[[ DATA FOR ANALYSIS open ]]

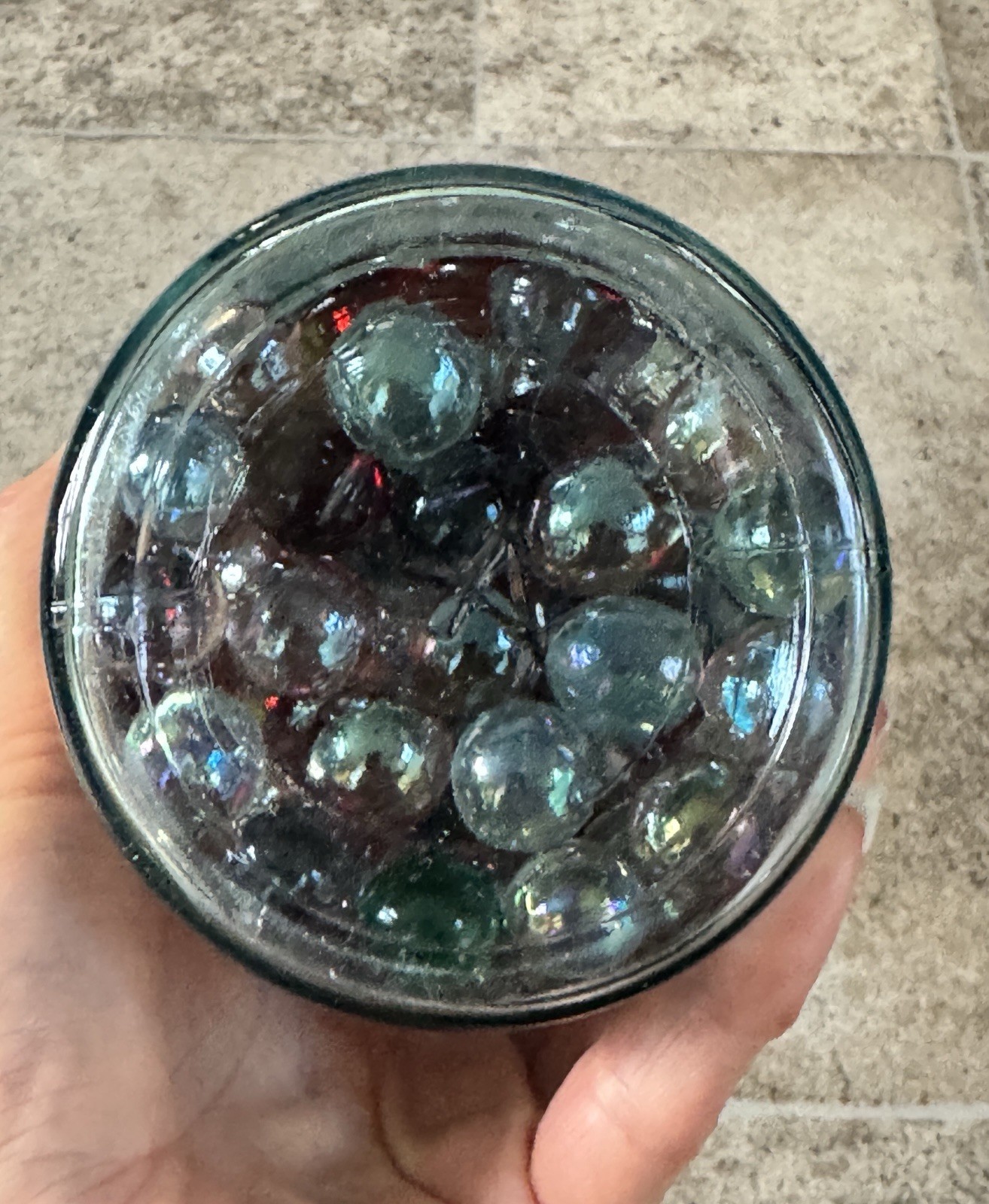 Vintage Ball Perfect Mason Jar Filled with 165+ Mixed Glass Marbles – Aqua Blue
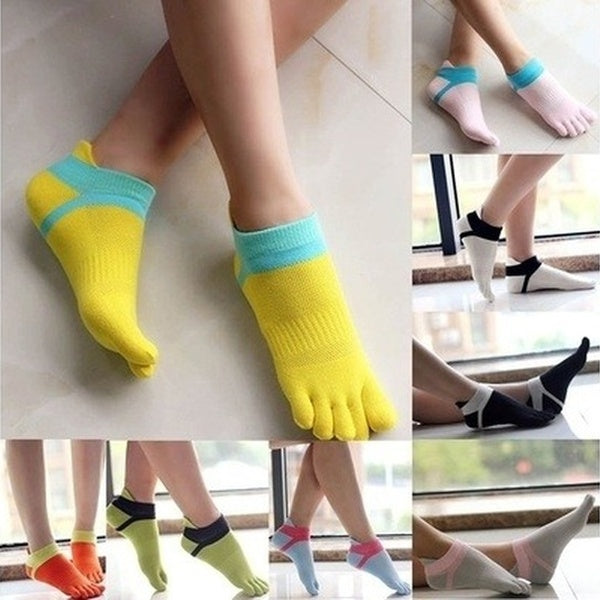 New Womens Socks Cotton Meias Sports Five Finger Socks Casual Toe Socks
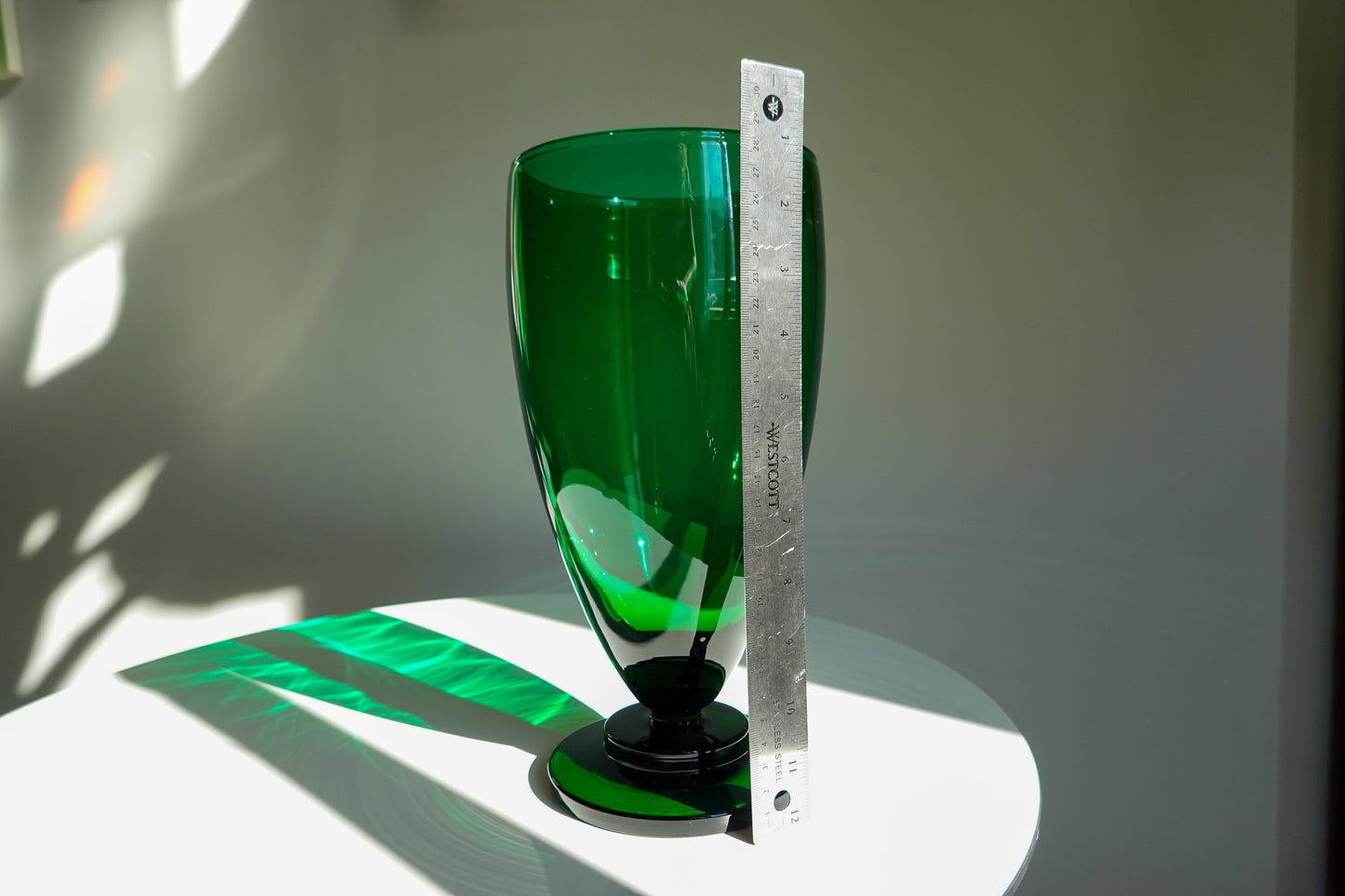 30's - 40's Art Deco Emerald Green Footed Vase - Vintage Large, Heavy Glass Vase - Vintage Pedestal Vase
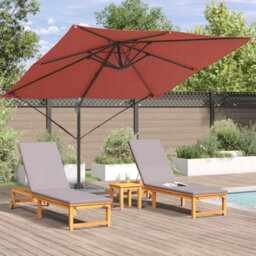 Berkfield Versatile Cantilever Roma Parasol Terracotta 286X285X265 Cm Aluminium - thumbnail 4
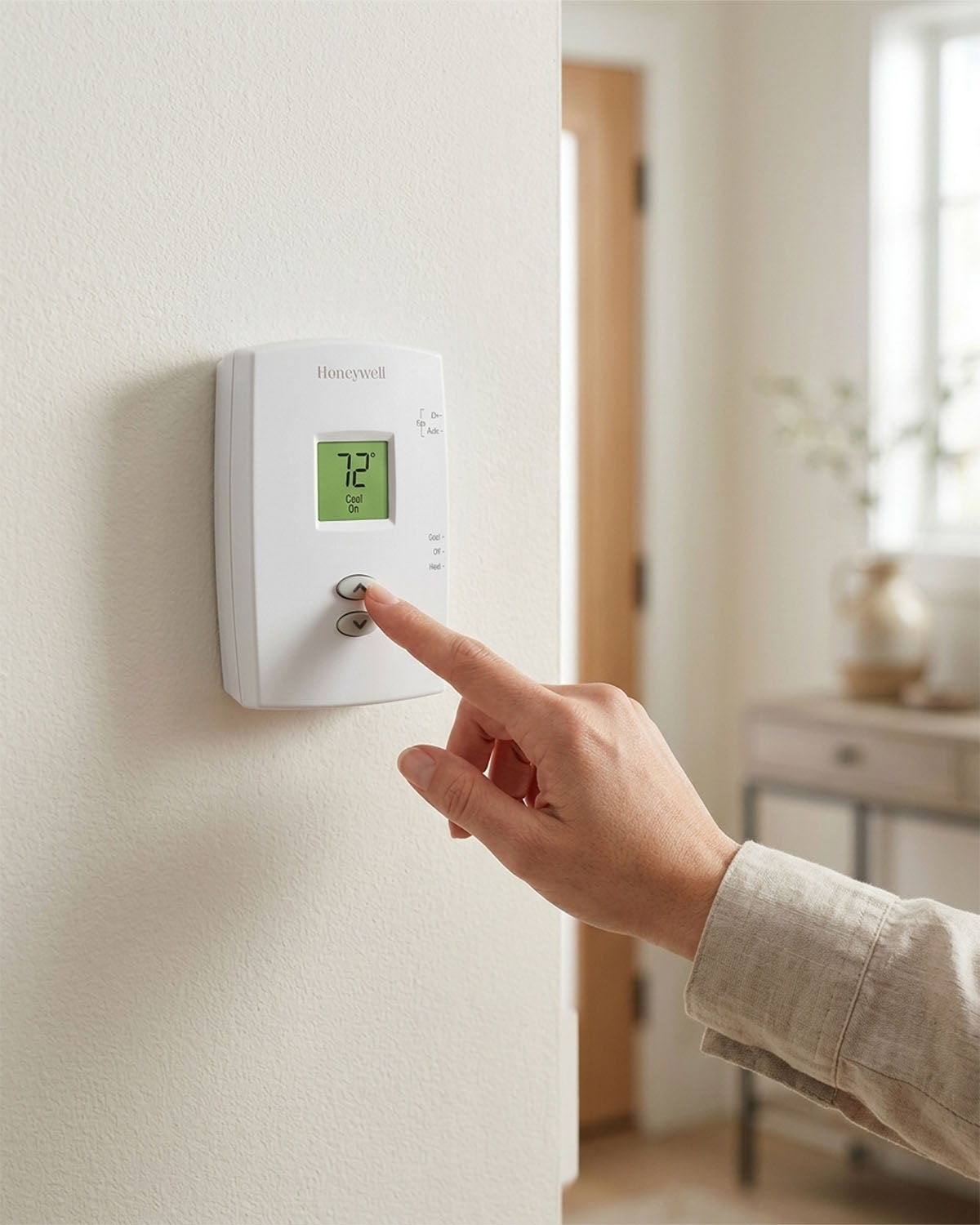 Honeywell PRO TH1110DV1009 Vertical Non-Programmable 1 Heat / 1 Cool Thermostat – Dual Powered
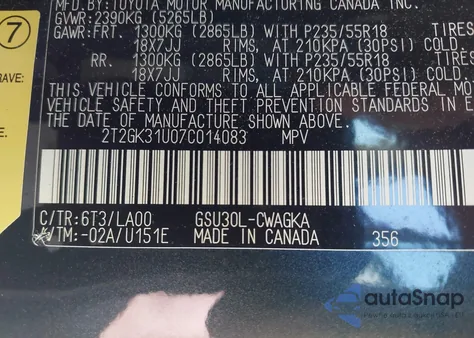 2007 Lexus Rx 350 z USA, uszkodzony, nr VIN 2T2GK31U07C014083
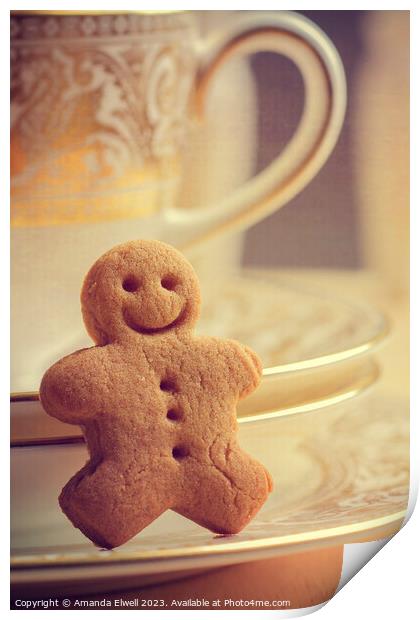 Gingerbread Man With Antique Cups Print by Amanda Elwell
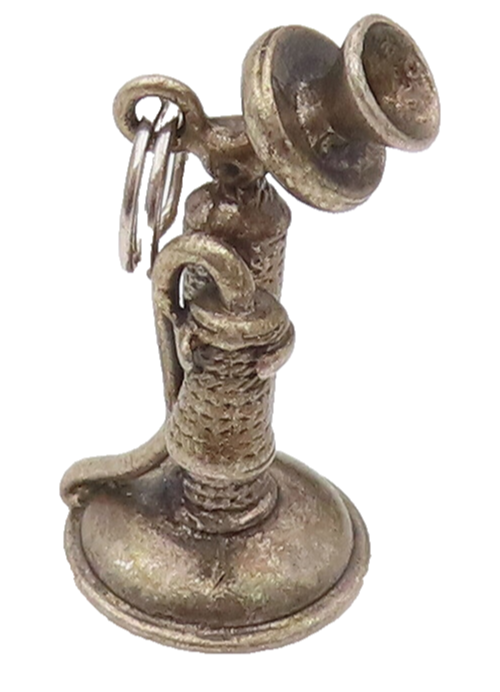 DANECRAFT 925 Sterling Silver Vintage Mini Old Telephone Charm Pendant PT22071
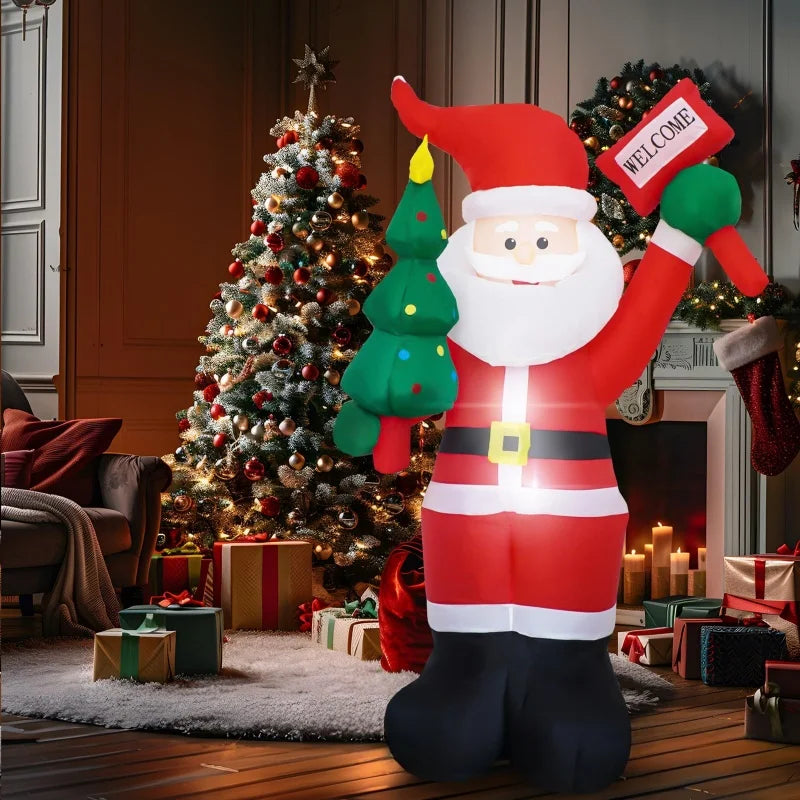 6/12FT Large Christmas Inflatables Santa Carrying Gift Bags Decoration Blow Up Xmas Toys Outdoor Courtyard Garden Party Decor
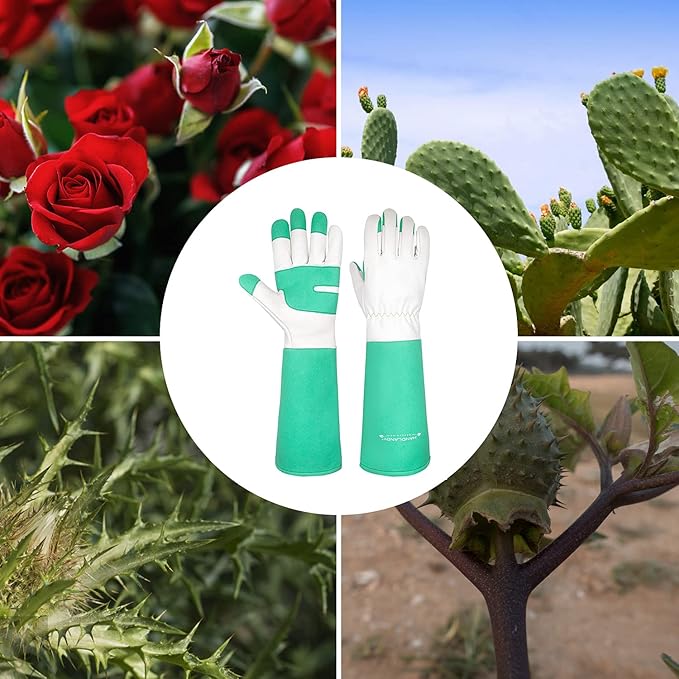 HLDD HANDLANDY Long Gardening Gloves for Women Men - Leather Rose Pruning Gloves Thorn Proof - Breathable Working Glove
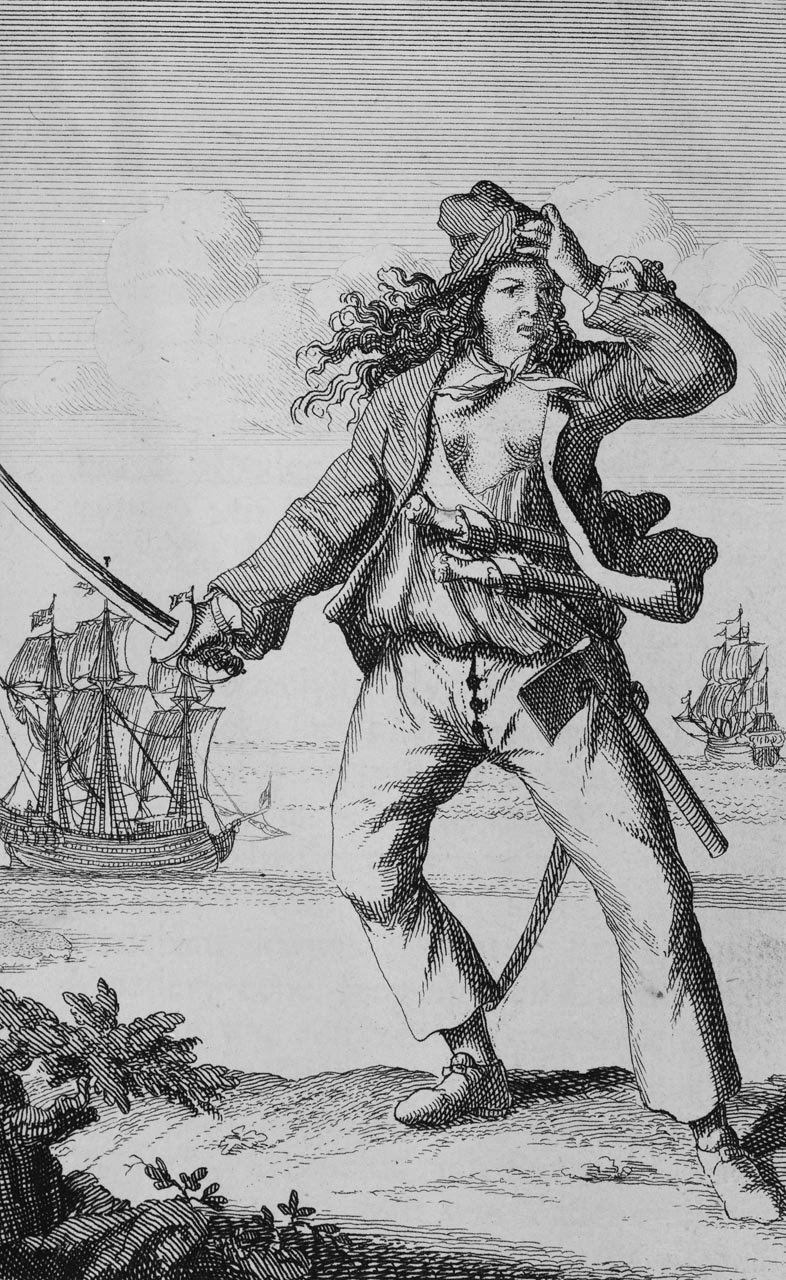 A woodcut of Anne Bonny on an island with ships behind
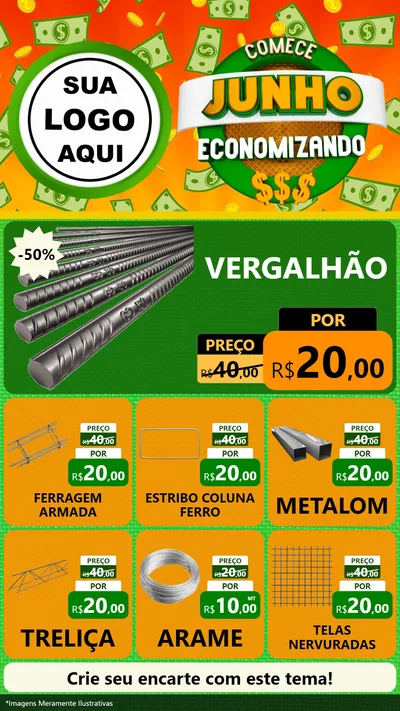 Modelo de Rede Social para Stories com o tema Comece Junho Economizando para Ferragens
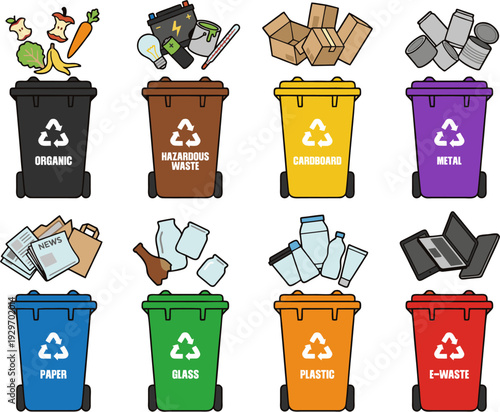 Colorful recycling bins for paper, plastic, glass, metal, and organic waste arranged neatly for proper disposal and sustainability efforts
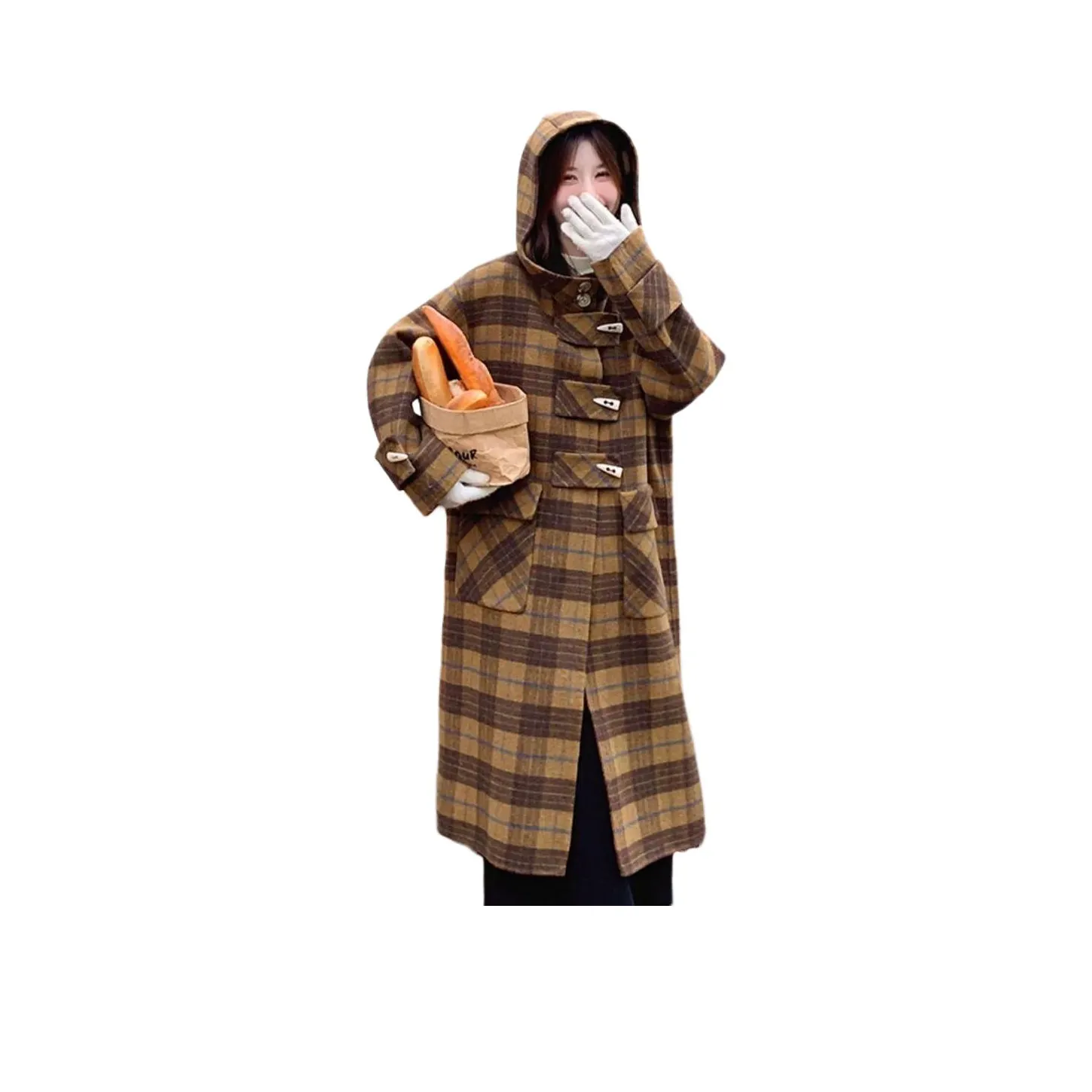LANGQING Клетчатое Женское Пальто
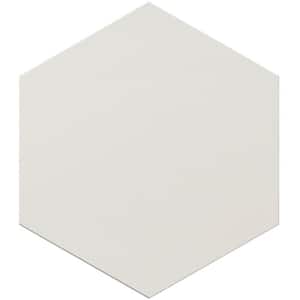 Terra Mia 8.1 in. x 9.25 in. White Porcelain Matte Hexagon Wall and Floor Tile (9.93 sq. ft./case) 25-Pack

[[ DATA FOR ANALYSIS closed ]]

__EXERCISE INSTRUCTIONS__:
What is needed is an exact repeat of the lines from the one containing "30's - 40's" through the last line of the records above, both included, with pictures left out.

__EXERCISE OUTPUT__:
 30's - 40's Art Deco Emerald Green Footed Vase - Vintage Large, Heavy Glass Vase - Vintage Pedestal Vase
 Berkfield Versatile Cantilever Roma Parasol Terracotta 286X285X265 Cm Aluminium - thumbnail 4
 Honeywell PRO TH1110DV1009 Vertical Non-Programmable 1 Heat / 1 Cool Thermostat – Dual Powered
 2007 Lexus Rx 350 z USA, uszkodzony, nr VIN 2T2GK31U07C014083
 Gingerbread Man With Antique Cups Print by Amanda Elwell
 DANECRAFT 925 Sterling Silver Vintage Mini Old Telephone Charm Pendant PT22071
 6/12FT Large Christmas Inflatables Santa Carrying Gift Bags Decoration Blow Up Xmas Toys Outdoor Courtyard Garden Party Decor
 HLDD HANDLANDY Long Gardening Gloves for Women Men - Leather Rose Pruning Gloves Thorn Proof - Breathable Working Glove
 A woodcut of Anne Bonny on an island with ships behind
 Modelo de Rede Social para Stories com o tema Comece Junho Economizando para Ferragens
 Colorful recycling bins for paper, plastic, glass, metal, and organic waste arranged neatly for proper disposal and sustainability efforts
LANGQING Клетчатое Женское Пальто
 Terra Mia 8.1 in. x 9.25 in. White Porcelain Matte Hexagon Wall and Floor Tile (9.93 sq. ft./case) 25-Pack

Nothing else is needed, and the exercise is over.